* _Work task_:
Retype all of the listing exactly, with no pictures.

* _Dataset extract_:
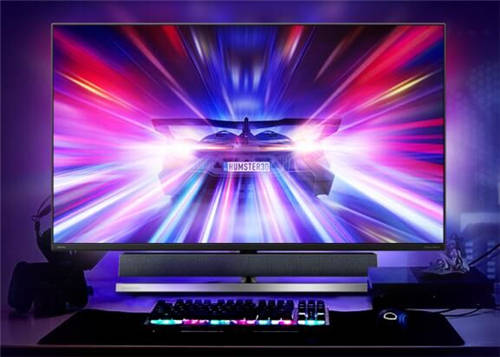 全新猛騰系列4K超高清HDR1000主機游戲顯示器558M1RY預(yù)售火熱進行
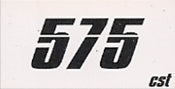 PT Racing 575cst Shock oil 4oz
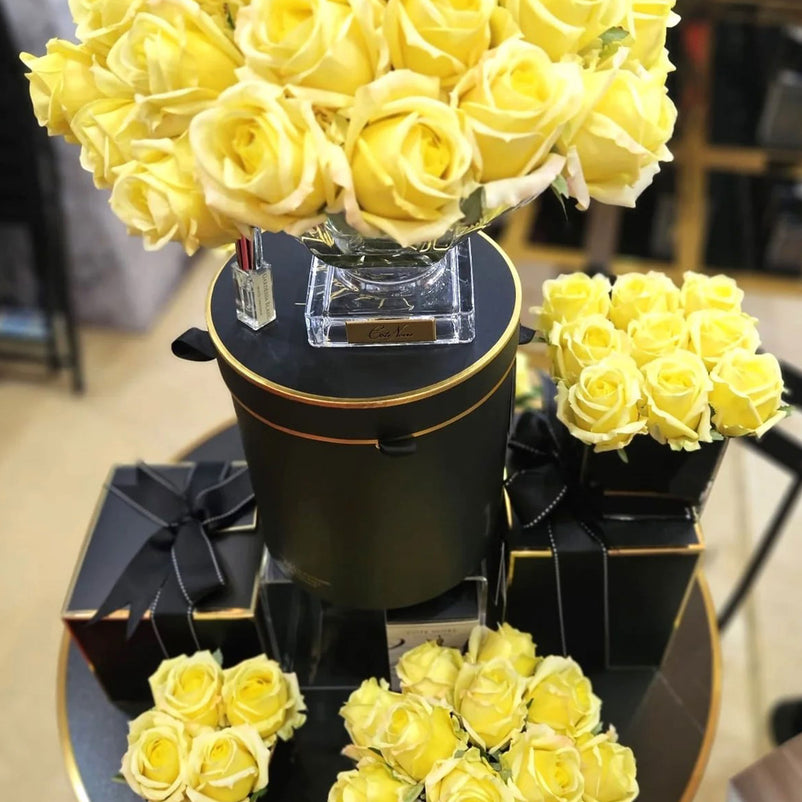 CENTREPIECE Difuzor parfum cameră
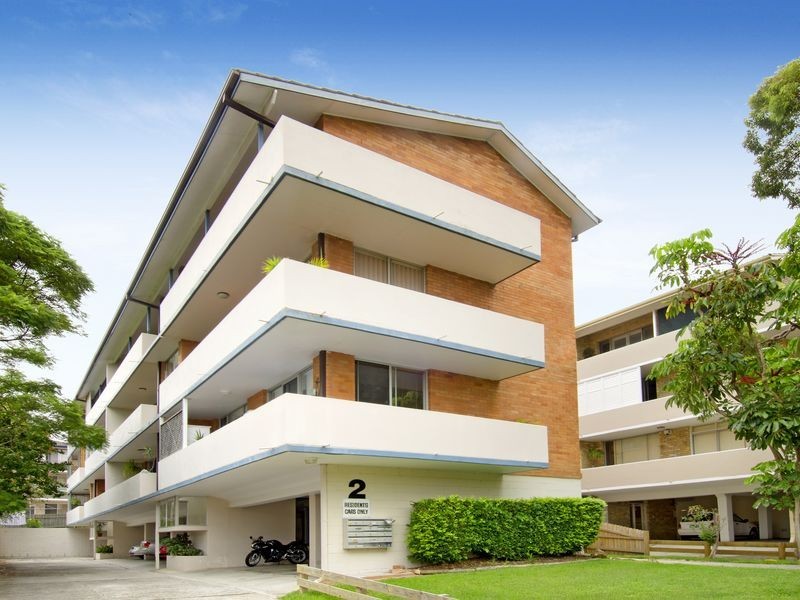 3/2 Holborn Avenue, Dee Why NSW 2099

* _Exercise answer_:
 全新猛騰系列4K超高清HDR1000主機游戲顯示器558M1RY預(yù)售火熱進行
 PT Racing 575cst Shock oil 4oz
 CENTREPIECE Difuzor parfum cameră
 3/2 Holborn Avenue, Dee Why NSW 2099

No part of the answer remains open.